Design senior Emily Lamontagne said that her project, “Clean Plate Club,” has a similar focus on food, serving as a loose guideline to healthy eating, and moving away from traditional strict dieting. The project consists of plates with portion sizes painted on them, suggesting well-balanced meals.
“The idea is to take dieting and eating well from the forefront of your mind and moving it to the subconscious,” Lamontagne said. “My conversation is more of an inner dialogue where you ask people to reflect on their own preconceived notions of health than trying to change the way people are doing things.”
In design senior Jessica Lin’s case, her project “Seek” attempts to generate a conversation with software. Her all-in-one web platform intends to make it easier for students to find classes they’re interested in.

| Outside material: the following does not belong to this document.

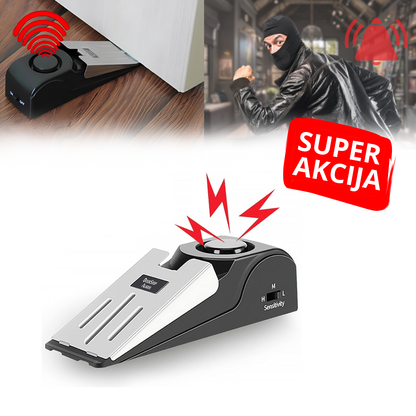 BeSafe - Blokator za vrata sa alarmom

“I’ve talked to so many people who thought a class would be a certain way and it turns out it wasn’t, wasting a semester,” Lin said. “(Researching) is definitely worth it sense you are going to spend a whole semester on it and thousands of dollars, might as well like it.”
Kim said he realizes in hindsight how intimidating and stressful this rewarding process was, stating that their senior exhibition was akin to writing a senior thesis.
“There was no hand holding in this process,” Kim said. “Knowing to just throw yourself into the water and just swim is something no one wants to do because it’s scary and you don’t know if you are going to drown. But I feel most of us just kept swimming and we’re just glad we made it to the coast.”